┌──

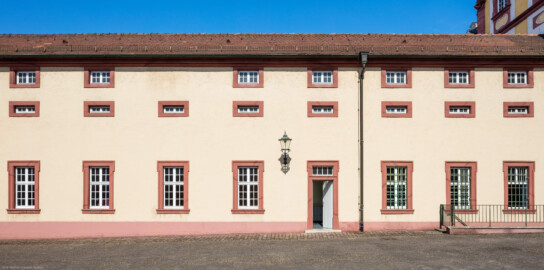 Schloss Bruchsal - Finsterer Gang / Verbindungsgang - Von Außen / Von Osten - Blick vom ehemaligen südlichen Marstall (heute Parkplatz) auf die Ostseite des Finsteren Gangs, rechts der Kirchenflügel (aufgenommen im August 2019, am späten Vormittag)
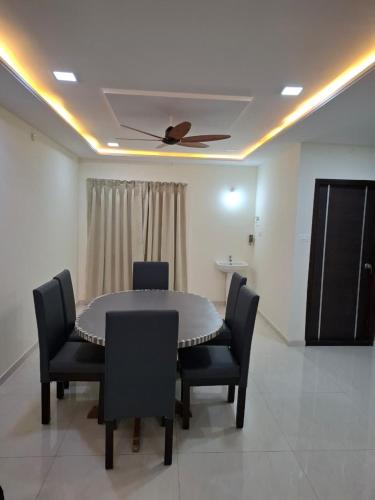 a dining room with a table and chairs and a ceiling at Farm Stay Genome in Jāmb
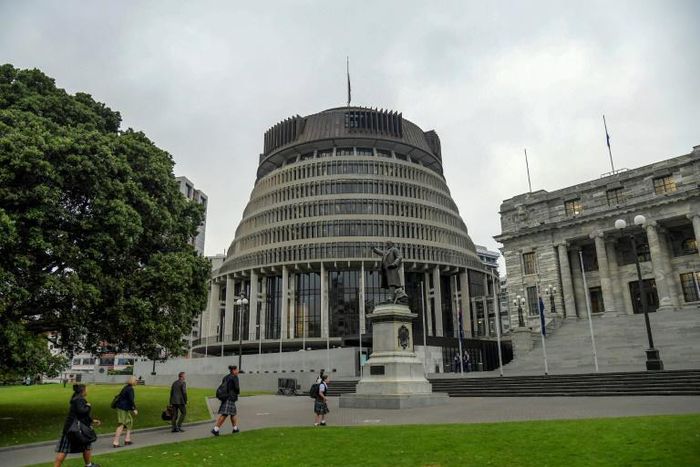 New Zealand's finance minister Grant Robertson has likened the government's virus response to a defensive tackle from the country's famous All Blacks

└──

WHAT THE EXERCISE ASKS
Pictures are to be left out; the listing above is otherwise to be copied exactly.

ANSWER SPACE
 Schloss Bruchsal - Finsterer Gang / Verbindungsgang - Von Außen / Von Osten - Blick vom ehemaligen südlichen Marstall (heute Parkplatz) auf die Ostseite des Finsteren Gangs, rechts der Kirchenflügel (aufgenommen im August 2019, am späten Vormittag)
 a dining room with a table and chairs and a ceiling at Farm Stay Genome in Jāmb
 New Zealand's finance minister Grant Robertson has likened the government's virus response to a defensive tackle from the country's famous All Blacks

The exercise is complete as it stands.